■ **Task**: Produce as output only the lines below starting at the line with "Laughing Monkey Saying" and continuing through the line with "3 Ans Cerdà", each one exactly as written.
Data section start
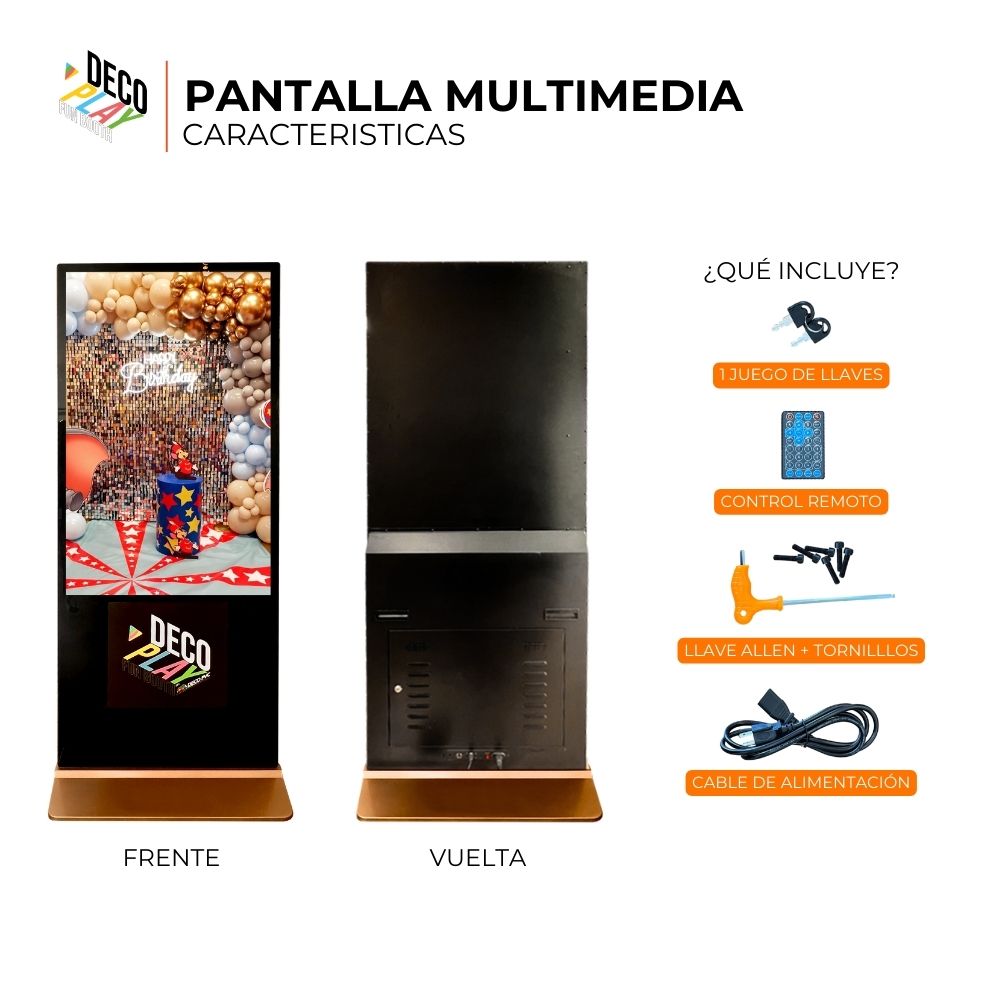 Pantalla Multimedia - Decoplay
Data section end
Data section start
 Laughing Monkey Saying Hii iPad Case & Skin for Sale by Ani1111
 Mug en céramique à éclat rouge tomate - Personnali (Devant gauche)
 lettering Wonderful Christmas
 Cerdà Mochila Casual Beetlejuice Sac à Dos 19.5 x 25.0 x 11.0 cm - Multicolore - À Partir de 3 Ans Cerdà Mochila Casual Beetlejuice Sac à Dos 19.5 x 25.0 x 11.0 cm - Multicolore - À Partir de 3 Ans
Data section end
■ **Result of the task**:
 Laughing Monkey Saying Hii iPad Case & Skin for Sale by Ani1111
 Mug en céramique à éclat rouge tomate - Personnali (Devant gauche)
 lettering Wonderful Christmas
 Cerdà Mochila Casual Beetlejuice Sac à Dos 19.5 x 25.0 x 11.0 cm - Multicolore - À Partir de 3 Ans Cerdà Mochila Casual Beetlejuice Sac à Dos 19.5 x 25.0 x 11.0 cm - Multicolore - À Partir de 3 Ans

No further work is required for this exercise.